Montreal: A leader in the digital offline editing market, Lightworks is introducing its v.i.p. system to compete in the online editing and post-production sector, says OLE Canada president Mark Pounds, exclusive Canadian distributor of the system.

The v.i.p., built by u.s. broadcast engineering and post-production manufacturer Tektronix, will be marketed as a complement/ replacement for the traditional digital or analog tape-to-tape suite, and is a direct product development of Tektronix’s mid-1995 takeover of the smaller British editing systems company.

v.i.p. will be officially launched in Amsterdam Sept. 12-16 at the International Broadcast Convention and will be available in Canada by year’s end.

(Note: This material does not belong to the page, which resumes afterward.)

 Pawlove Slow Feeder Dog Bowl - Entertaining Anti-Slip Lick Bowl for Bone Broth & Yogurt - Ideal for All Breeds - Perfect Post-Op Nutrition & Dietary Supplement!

Pounds says the broadcast-quality v.i.p. system can be integrated with existing online systems, combining Lightworks’ film-friendly interface with the boosted capacity of the latest generation Tektronix Profile disc recorder.

The unit features up to four independent channels of video and 16 channels of sound. ‘Essentially, it replaces four digital Betacams,’ says Pounds.

‘The v.i.p. has four input (and output) channels. But instead of going to one vtr and one recorder you can put in four cassettes simultaneously and simultaneously record four channels into the machine. And when you’re done (recording), you are done (auto-conforming).’

One of six existing v.i.p. Beta systems will be demonstrated by ole at a customer site in the weeks ahead, adds Pounds.

FAME, The DAD

ole has another product launch set – this time at Showbiz Expo, running Sept. 7-8 in Toronto.

The Fairlight fame digital mixing/editing system combines a 24-track disc recorder and amek mixing console surface.

Pounds says high-end commercials and tv are the most suitable applications, with the unit price in the $250,000 range.

‘The other thing we have (that’s new) from Fairlight is a dubber known as ‘The dad’ (Digital Audio Dubber).’

The unit will be pitched as a replacement for traditional outsized 48-track, magnetic-tape machines observed in film-mixing studios.